Casimir Funk (1884-1967), el bioquímico polaco, es ahora recordado (si lo es) por darnos la palabra vitamina, pero se merece algo mejor de la historia. Funk empezó su carrera en Varsovia y luego emigró a Francia donde trabajó en una empresa farmacéutica. Más tarde fundó su propio laboratorio con apoyo de la industria en el extrarradio de París, la Casa Biochemica, y allí, de 1928 a 1939, orientó su atención hacia las hormonas. Aisló un preparado de hormona masculina de las gónadas de gallos, y al poco tiempo informó que había encontrado trazas de hormonas sexuales en la sangre de los animales. También buscó y encontró hormonas en la sangre y la orina de mujeres embarazadas y fue capaz de distinguir químicamente entre hormonas masculinas y femeninas. Cuando expuso estos descubrimientos en conferencias en Estados Unidos se enfrentó a un considerable escepticismo.
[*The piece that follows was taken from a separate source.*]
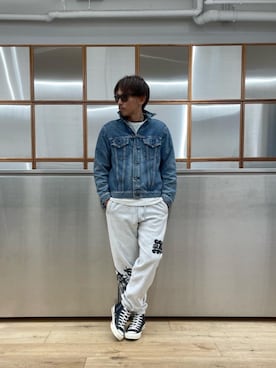 「でにむ」｜「アイテム（デニムジャケット）」を使った、京都くんさん（メンズ・172cm）の冬コーディネート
Siendo un hombre de recursos, Funk provocó un incidente diplomático menor durante la invasión de Abisinia (Etiopía) por parte de Italia en 1936. Leyó en un periódico que los combatientes irregulares etíopes tenían la costumbre de castrar a sus prisioneros italianos: aquí, entonces, estaba la fuente ideal del material que necesitaba, e intentó negociar con el régimen etíope un envío de testículos seccionados. Ello llegó a oídos del gobierno italiano y el plan de Funk fue interpretado como un insulto a la bandera. Además, los miembros de las tribus etíopes tenían evidentemente otros usos para el material, pues parece que Funk nunca recibió ninguno de los preciosos despojos.
Cuando se acercaba la segunda guerra mundial, Funk se marchó a Estados Unidos y allí continuó su trabajo sobre las hormonas sexuales —preparando cantidades de miligramos a partir de cientos de litros de orina— y otros compuestos biológicos hasta su muerte.
La vida y carrera de Casimir (Kazimierz) Funk se describen en Casimir Funk und der Vitaminbegriff, de Bernhard Schulz (tesis, Universidad de Düsseldorf, 1997), pero se omiten sus escaramuzas con el gobierno italiano.